The Swope's mansion in Sands Point is about to be destroyed, forever closing another chapter in Port Washington's illustrious history. It is happening all too often. In the quest for modernization and expansion, developers are carving up our community's notable sites, leaving a void in our town's historic genealogy.
All my life here on the peninsula, I have heard the Swope's mansion at Lands End referred to as the Gatsby house. Many people accept this as fact. F. Scott Fitzgerald's famous novel, The Great Gatsby, included a character like Herbert Bayard Swope. He was a man larger than life, and people knew or heard about dignitaries and other people of high regard being entertained at his home just like Mr. Gatsby in the novel. In his memoirs, Swope's son mentioned a time when F. Scott Fitzgerald was found sleeping on the lawn of his father's home after a night of partying. We also know people like, Winston Churchill, Randolph Churchill (his son), Averill Harriman, Albert Einstein, Alexander Woolcott, and more who visited Swope. With information such as this, it is plausible that a connection exists between Fitzgerald's novel and the Swope's mansion.

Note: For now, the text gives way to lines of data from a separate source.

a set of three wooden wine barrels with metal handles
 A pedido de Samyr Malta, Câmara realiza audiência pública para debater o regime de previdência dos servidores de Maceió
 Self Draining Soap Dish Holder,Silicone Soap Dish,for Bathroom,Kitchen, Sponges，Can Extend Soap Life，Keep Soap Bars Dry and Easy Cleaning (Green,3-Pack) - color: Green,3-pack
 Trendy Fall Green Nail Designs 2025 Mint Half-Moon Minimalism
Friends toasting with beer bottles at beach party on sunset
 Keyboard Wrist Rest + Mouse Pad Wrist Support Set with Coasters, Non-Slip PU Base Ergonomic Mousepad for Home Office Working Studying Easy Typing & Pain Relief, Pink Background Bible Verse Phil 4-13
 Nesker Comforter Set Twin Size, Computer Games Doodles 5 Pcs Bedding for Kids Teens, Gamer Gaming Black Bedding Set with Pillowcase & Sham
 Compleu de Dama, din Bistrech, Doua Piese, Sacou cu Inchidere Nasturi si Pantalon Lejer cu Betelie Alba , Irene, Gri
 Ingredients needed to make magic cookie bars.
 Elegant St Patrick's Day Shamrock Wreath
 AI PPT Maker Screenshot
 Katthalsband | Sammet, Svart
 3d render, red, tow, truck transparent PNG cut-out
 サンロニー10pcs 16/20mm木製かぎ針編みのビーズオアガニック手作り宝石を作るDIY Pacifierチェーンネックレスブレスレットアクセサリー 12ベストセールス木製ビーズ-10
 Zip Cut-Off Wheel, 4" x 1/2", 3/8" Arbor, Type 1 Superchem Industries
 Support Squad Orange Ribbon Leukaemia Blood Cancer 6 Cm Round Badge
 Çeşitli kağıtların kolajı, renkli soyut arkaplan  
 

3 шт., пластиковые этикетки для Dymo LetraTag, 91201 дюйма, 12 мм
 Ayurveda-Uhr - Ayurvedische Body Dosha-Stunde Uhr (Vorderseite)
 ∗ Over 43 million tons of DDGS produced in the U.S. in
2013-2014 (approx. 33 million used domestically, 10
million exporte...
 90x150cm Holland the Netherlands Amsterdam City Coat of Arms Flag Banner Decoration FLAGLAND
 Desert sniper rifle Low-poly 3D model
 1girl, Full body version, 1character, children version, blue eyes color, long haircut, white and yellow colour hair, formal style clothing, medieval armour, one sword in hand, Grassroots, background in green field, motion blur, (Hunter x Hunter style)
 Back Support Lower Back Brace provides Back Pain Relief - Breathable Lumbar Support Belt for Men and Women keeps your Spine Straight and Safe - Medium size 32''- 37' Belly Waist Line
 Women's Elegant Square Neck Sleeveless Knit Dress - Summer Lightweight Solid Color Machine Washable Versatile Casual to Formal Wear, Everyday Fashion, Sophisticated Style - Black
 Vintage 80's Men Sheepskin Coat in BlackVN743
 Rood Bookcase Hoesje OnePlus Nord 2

Many people have referred to the tip of our peninsula as the "East Egg," another reference from The Great Gatsby. And we all know of the origins of "The Gold Coast."
Someone once told me that history is sometimes recorded and remembered through regional perspectives. This is accomplished when a community's history is interpreted from the local lore and stories passed down from the people who lived there. In Port Washington, the regional accounts of the Swope's family and home along with the many references to F. Scott Fitzgerald's work give importance to the preservation of the mansion. Maybe this fictitious home was Beacon Towers instead, or another home long gone. Swope's mansion became the place of our local folklore and has been recognized as such for many years.
Although no one can prove that Stanford White did or did not design the colonial revival home for A. C. Sloane, what has become of even greater value here is the myth. We have enjoyed imagining what it would have been like to be a fly on the wall at Swope's mansion during those high times in the 1920s. Even if the mansion is raised to the ground it will always be the home of "The Great Jay Gatsby" for many of us.
As a local preservation builder I have brought several homes back to their original condition, some dating back to the early 19th century. Swope's home could be saved if the owner was interested, or felt the myth held a special value.
Many years ago the Baxter homestead was subdivided and developed, but the developer not only spared the house but named the subdivision after it. Today it is a separate incorporated village named Baxter Estates. Today the home is a recognized landmark, it would be wonderful to see the developer of the Swope's estate take the same path.